WHAT TO WORK ON
Set down exactly the lines below between the line holding "9216 VOLUNTEER DRIVE photos photos" and the line holding "3 bedroom semi-detached", inclusive; no other line belongs in the answer.

SUPPLIED RECORDS

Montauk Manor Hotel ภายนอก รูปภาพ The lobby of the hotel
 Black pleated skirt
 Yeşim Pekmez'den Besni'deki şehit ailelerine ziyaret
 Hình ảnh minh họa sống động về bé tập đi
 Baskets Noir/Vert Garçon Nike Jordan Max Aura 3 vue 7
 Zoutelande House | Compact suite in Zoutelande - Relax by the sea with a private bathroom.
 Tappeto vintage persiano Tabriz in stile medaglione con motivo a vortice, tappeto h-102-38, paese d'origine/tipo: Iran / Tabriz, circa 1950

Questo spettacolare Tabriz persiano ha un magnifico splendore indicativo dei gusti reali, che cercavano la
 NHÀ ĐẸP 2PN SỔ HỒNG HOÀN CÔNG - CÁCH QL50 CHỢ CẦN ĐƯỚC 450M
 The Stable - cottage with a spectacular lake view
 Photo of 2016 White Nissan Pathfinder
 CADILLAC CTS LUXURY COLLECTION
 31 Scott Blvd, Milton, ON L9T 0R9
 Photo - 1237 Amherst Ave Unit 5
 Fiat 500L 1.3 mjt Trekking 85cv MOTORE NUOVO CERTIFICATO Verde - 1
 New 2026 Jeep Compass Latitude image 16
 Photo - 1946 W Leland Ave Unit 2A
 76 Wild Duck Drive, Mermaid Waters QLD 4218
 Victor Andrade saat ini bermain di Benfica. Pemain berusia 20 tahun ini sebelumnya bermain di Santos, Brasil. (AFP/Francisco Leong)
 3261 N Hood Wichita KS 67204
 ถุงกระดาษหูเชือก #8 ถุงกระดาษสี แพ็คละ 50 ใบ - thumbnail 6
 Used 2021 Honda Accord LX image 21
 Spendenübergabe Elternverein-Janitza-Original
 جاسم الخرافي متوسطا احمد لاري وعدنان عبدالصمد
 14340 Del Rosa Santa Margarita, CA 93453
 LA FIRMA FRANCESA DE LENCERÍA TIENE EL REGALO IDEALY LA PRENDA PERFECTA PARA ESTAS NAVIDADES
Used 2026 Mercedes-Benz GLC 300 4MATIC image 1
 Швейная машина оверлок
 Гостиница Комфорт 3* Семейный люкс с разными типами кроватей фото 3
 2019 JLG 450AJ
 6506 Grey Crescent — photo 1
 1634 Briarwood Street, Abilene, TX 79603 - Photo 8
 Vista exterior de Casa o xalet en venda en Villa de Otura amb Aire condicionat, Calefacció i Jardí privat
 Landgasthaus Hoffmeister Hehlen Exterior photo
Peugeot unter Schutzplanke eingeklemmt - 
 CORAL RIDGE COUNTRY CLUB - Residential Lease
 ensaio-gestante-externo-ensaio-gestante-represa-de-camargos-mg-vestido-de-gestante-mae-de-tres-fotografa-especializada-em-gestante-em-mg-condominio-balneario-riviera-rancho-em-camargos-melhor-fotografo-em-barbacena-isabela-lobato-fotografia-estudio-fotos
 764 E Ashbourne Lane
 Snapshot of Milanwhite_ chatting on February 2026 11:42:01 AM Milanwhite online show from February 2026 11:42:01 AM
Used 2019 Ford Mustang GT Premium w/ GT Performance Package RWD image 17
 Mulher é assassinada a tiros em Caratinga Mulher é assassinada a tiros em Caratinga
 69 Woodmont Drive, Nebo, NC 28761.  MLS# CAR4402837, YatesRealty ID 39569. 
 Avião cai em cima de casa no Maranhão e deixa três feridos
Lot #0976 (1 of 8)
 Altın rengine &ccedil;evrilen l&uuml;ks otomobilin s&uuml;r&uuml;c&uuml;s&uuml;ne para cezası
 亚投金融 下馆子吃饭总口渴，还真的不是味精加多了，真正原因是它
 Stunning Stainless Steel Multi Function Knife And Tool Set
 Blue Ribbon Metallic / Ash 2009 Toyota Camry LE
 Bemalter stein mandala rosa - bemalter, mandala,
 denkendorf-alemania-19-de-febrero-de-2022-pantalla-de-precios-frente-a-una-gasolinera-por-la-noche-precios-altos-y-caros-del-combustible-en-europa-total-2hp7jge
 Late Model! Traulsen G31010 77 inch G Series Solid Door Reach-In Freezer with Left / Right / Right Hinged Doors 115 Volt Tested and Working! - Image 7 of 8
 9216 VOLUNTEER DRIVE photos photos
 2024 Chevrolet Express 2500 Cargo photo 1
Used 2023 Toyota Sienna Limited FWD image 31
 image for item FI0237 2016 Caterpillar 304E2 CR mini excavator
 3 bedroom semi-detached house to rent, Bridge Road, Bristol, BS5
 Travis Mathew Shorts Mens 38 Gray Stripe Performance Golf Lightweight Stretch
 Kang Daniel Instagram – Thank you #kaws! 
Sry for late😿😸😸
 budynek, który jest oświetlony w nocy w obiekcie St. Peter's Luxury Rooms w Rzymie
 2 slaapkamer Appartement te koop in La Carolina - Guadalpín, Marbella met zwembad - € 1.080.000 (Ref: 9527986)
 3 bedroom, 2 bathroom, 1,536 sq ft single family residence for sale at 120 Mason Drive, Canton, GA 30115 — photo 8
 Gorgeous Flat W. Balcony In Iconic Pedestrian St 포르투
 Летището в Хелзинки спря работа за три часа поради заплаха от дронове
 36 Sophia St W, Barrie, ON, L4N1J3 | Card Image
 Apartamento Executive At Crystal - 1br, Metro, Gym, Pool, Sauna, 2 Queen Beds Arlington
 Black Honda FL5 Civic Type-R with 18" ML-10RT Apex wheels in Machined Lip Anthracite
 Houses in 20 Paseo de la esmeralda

EXERCISE RESULT
 9216 VOLUNTEER DRIVE photos photos
 2024 Chevrolet Express 2500 Cargo photo 1
Used 2023 Toyota Sienna Limited FWD image 31
 image for item FI0237 2016 Caterpillar 304E2 CR mini excavator
 3 bedroom semi-detached house to rent, Bridge Road, Bristol, BS5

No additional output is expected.